Closer “The Graveless Doll of Eric Mutis” recalls vintage-era Stephen King. After finding a mutilated half-scarecrow half-doll that looks like Eric Mutis (nicknamed Eric Mutant), a missing classmate they used to bully, the boys of Camp Dark — Larry, Mondo, J.C., and Gus — are strangled by guilt and seek to be redeemed. In a flashback, they’re caught beating up Eric behind the school by the librarian, and narrator Larry Rubio tells us: “I think we needed that librarian to follow us around the hallways for every minute of every school day, reading us her story of our lives, her fine script of who we were and our activities — but of course she couldn’t do this, and we did get lost.” And lost is what they are and will remain, forever haunted by wormy-lipped Eric Mutant.

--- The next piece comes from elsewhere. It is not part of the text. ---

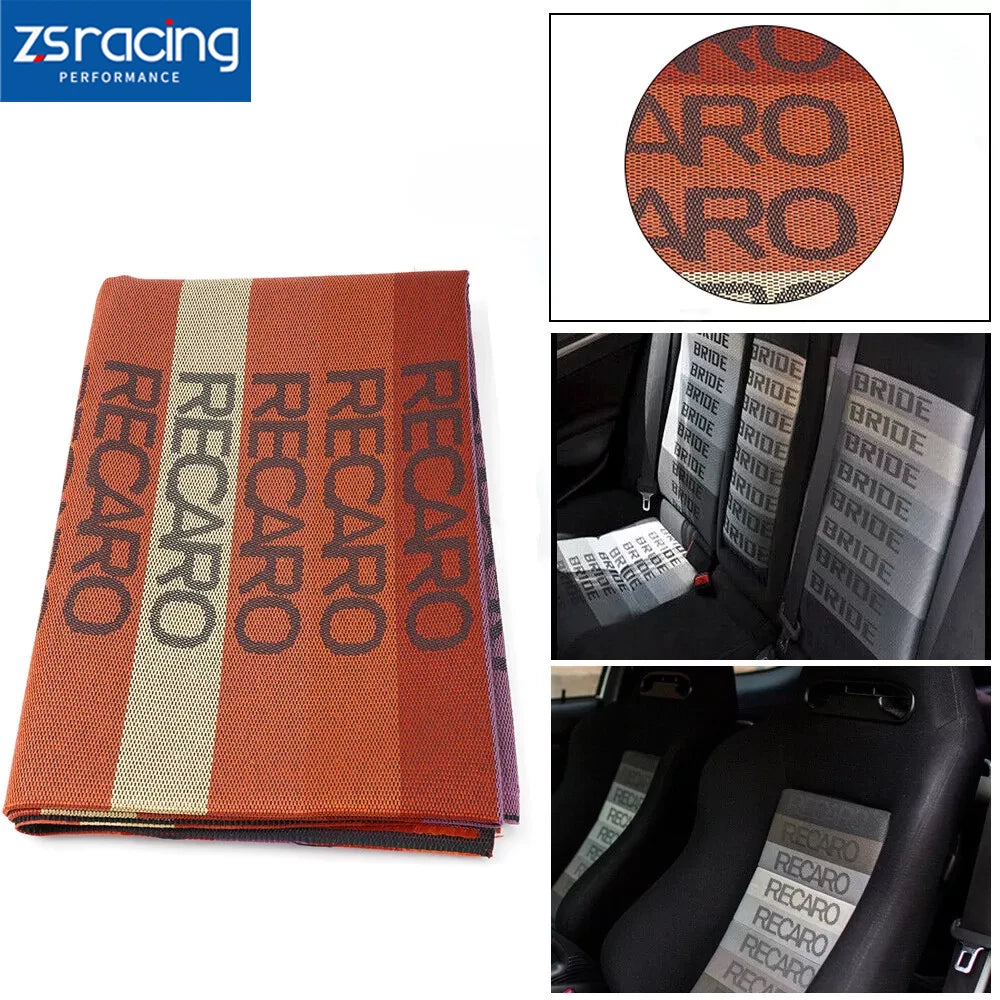 Orange JDM Fabric Cloth for Car Seat Panel Armrest Decoration (2M×1.6M)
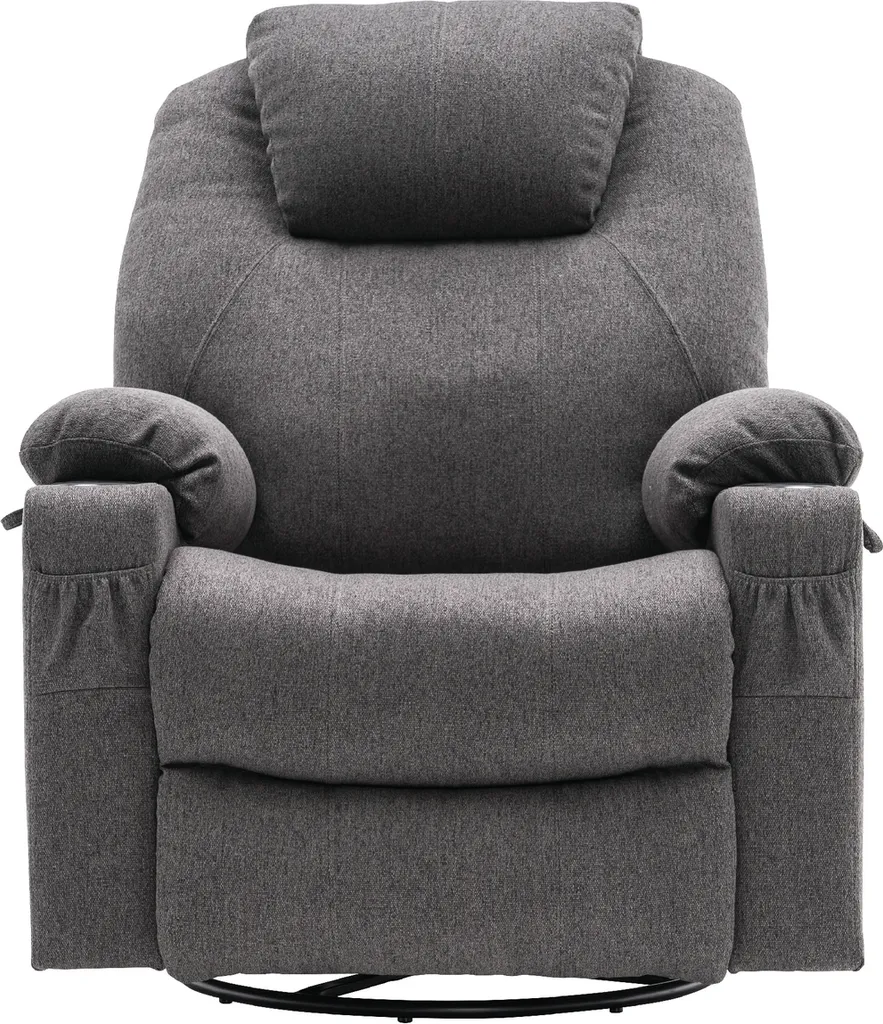 MCombo Elektrisch Relaxsessel Massagesessel 240° Dreh+ Schaukel + Vibration 7070DE 2 MCombo Elektrisch Relaxsessel Massagesessel 240° Dreh+ Schaukel + Vibration 7070DE – Bild 2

The stories are linked by a deep concern for time. In “Vampires in the Lemon Grove,” Clyde says: “I once pictured time as a black magnifying glass and myself as a microscopic flightless insect trapped in that circle of night. But then Magreb came along, and eternity ceased to frighten me.” Led by Kitsune, the silkworm-girls in “Reeling for the Empire” wait for the perfect moment to attack instead of submissively succumbing to the wills of their less powerful master. “The Seagull Army Descends on Strong Beach, 1979” considers how the thieving seagulls “[warp] people’s futures into some new and terrible shapes.” The narrator of “Dougbert Shackleton’s Rules for Antarctic Tailgating” stresses the importance of devoting several months of tailgating to an event that lasts 20 seconds, the defeat of Team Krill by Team Whale. In “The New Veterans,” Beverly marvels that “[the] same spine that has been inside her since babyhood is hers today, the exact same bones from the womb, a thought that always fills her with a kind of thrilling claustrophobia.” And the collection ends with Larry Rubio standing down in a hole with a picked-apart scarecrow and a mall-bought rabbit. He says (from where? the present?): “Somewhere I think I must be still be standing, just like that.”
Never heavy-handed, the stories in Vampires in the Lemon Grove are imbued with notions of grace and redemption. “There is a loneliness,” vampire Clyde tells us, “that must be particular to monsters, I think, the feeling that each is the only child of a species.” The monsters here practice the frail magic of living with a wobbly vivacity, and Russell’s greatest gift is how she awakens them in our minds. While the stories aren’t religious, they overtake you like some mystical tidal wave. Russell’s prose is touched always with pain and wonder, her characters have an uncanny ability to access what Robert Walser called “the true truths,” and her plots are giddy and snap-wicked. On top of that, she’s hell-bent on raucousness. She’s a welder of broken hearts. She’s not afraid to make the page tremble.